Никита не знал, смеяться или послать этого парня. Полина кусала губу и переводила взгляд с одного на другого, но молчала. Её пальцы теребили пакетик с сахаром, который скоро точно порвётся в клочья от такого обращения.
Ладно,
Никита выдохнул и сосредоточился: представил, что у него вообще есть брат. Что тот носит чёрные рубашки и рассказывает про готические романы. Что дёргает себя за мочку уха, когда кто-то проходит за спиной. Внутри ничего не отозвалось. Если у них и было какое-то прошлое, оно не проявлялось.
И всё-таки Никита не поднялся и не ушёл. Остался сидеть в компании того, кто называл себя медиумом, ведьмы с глазами, очерченными углём, и недопитой чашки капучино. Может, вот так и узнаёшь о прошлой жизни? В маленьком пабе, среди гомона голосов и от бледного юноши с прозрачным взглядом, похожим на птицу?
И правда какой-то готический роман. Никита хотел яростно допить кофе одним глотком, но чуть не поперхнулся. Боль вонзилась в виски, сдавила. Показалось, стол и пол накренились, а стены поплыли, и картины на стенах, будто воск, начали стекать к полу. Голоса вернулись, зашумели.
Никита дёрнулся, но вдруг ощутил руку на предплечье. Сосредоточился: на него в упор смотрел Серафим, и его голос прозвучал твёрдо и уверенно:
— Я держу. Не поддавайся им.
Никита кивнул, сам не зная чему, и сосредоточился на лице Серафима. На складке между тонких бровей, на прозрачных глазах, на поджатых губах. И что бы это ни было, оно отступило.
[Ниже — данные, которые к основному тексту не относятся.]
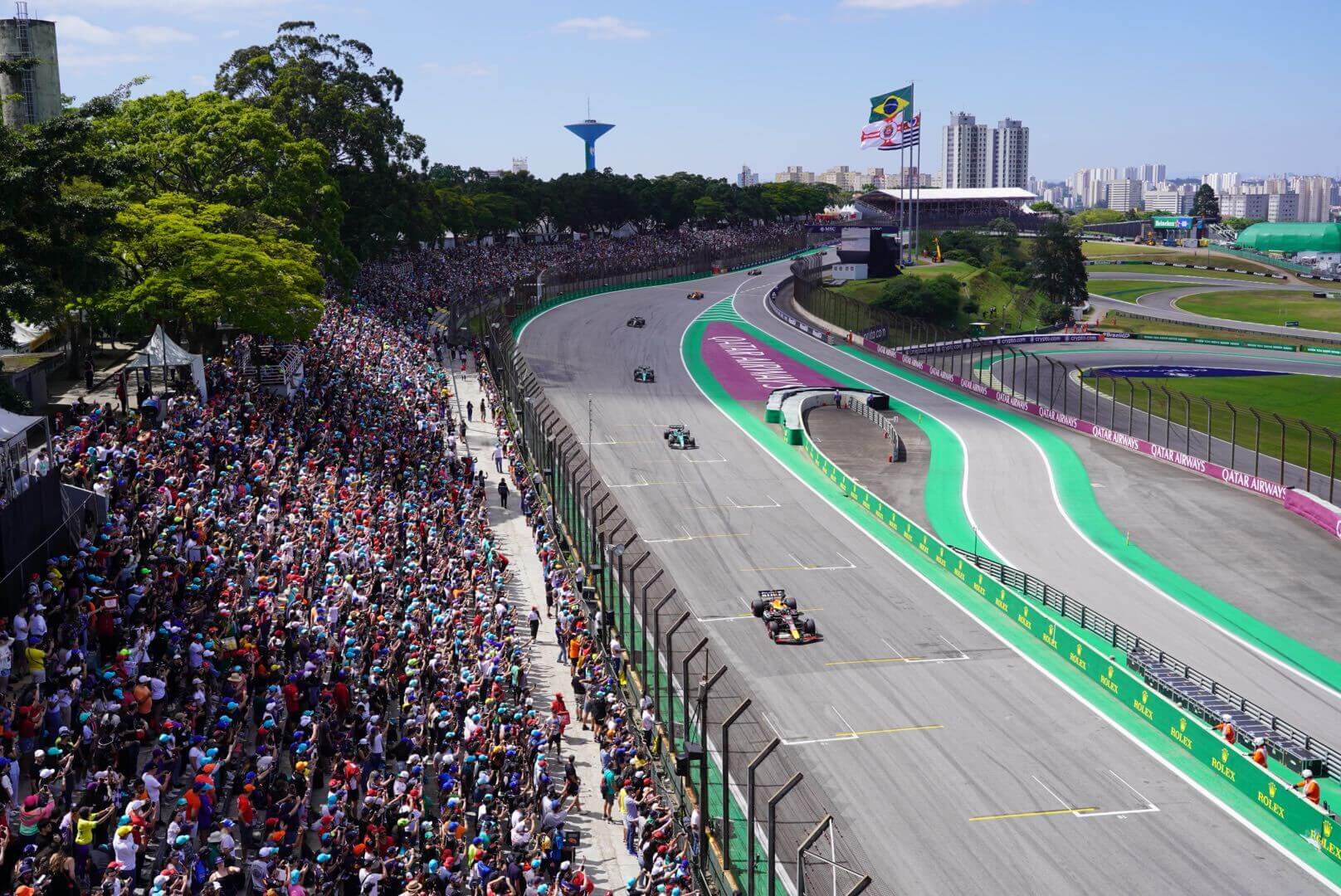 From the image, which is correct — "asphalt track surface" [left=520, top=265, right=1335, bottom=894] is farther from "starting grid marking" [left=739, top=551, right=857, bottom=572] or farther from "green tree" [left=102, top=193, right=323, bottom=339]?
"green tree" [left=102, top=193, right=323, bottom=339]

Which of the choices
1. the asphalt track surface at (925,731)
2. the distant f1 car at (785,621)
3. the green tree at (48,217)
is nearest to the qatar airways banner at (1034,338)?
the asphalt track surface at (925,731)

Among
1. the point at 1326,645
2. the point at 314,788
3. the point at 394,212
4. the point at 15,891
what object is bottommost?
the point at 1326,645

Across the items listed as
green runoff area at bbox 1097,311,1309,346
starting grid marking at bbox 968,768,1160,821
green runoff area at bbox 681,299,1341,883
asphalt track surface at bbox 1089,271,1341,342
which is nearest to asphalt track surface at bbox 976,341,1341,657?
green runoff area at bbox 681,299,1341,883

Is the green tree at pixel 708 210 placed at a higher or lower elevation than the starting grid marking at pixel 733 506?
higher

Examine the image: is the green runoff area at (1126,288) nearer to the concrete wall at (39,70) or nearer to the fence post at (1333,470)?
the fence post at (1333,470)

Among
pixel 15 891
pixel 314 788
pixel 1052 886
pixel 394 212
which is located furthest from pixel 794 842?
pixel 394 212

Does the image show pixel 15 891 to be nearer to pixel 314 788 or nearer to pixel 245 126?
pixel 314 788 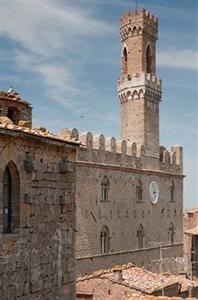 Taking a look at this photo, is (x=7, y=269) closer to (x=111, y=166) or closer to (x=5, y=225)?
(x=5, y=225)

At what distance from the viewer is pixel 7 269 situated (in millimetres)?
10164

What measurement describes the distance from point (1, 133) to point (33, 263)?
2.80 m

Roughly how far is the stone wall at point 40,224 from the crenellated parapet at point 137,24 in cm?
2184

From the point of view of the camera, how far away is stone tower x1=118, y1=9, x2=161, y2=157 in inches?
1287

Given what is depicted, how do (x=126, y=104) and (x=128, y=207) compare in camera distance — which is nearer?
(x=128, y=207)

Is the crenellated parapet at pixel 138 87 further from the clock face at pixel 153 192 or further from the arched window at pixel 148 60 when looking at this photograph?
the clock face at pixel 153 192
— Вот так, — Серафим медленно отпустил его руку. — Мне это не нравится. Я мог бы пережить, что ты не знаешь, как мы связаны, но если тебя это уводит… плохо.
— Помоги ему. Пожалуйста.
Полина нервно провела рукой по волосам, резко выдохнула. Никите даже стало стыдно: это он что, чуть в обморок не упал? При всех-то? При Полине? Позор какой. Но раз так…
— Вчера мне снилось, как я ободрал ладони. Проснулся — и вот, — он повернул руки, демонстрируя мелкие ссадины и порезы.
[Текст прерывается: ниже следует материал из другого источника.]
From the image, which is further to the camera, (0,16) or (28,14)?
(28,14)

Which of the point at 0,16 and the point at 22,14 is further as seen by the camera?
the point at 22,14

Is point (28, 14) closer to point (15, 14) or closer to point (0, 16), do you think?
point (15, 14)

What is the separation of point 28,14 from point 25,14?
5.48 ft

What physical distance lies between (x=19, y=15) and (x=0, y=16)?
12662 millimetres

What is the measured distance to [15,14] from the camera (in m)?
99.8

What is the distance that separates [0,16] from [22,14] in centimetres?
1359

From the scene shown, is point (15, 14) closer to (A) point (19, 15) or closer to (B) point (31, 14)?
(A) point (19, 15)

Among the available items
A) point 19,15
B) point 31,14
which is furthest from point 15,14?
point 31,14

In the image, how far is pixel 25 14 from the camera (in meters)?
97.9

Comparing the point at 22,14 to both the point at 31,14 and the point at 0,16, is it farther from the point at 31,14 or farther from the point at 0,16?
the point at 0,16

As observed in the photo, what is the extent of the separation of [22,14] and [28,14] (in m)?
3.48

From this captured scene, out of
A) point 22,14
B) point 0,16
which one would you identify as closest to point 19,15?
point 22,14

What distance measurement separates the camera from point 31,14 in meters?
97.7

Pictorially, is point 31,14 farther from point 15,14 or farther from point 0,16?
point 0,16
Серафим всем телом подался вперёд, чуть не уткнулся носом в пальцы Никиты и рвано выдохнул. Резко выпрямился, пошарил в рюкзаке, который висел на одной лямке на стуле, и достал кулон, похожий на тот, что оставил тогда на майском солнце.
— Дерьмо какое, — бормотал себе под нос, — они могут тебе навредить. Носи не снимая, хоть немного отведёт от тебя призраков. Мне пора. Приезжайте на выходных, адрес я пришлю.
И он поднялся, а Никита так и застыл с протянутыми ладонями. Потом всё-таки уточнил:
— Мы пойдём на кладбище?
— Нет, мы приманим призраков на свет и кровь.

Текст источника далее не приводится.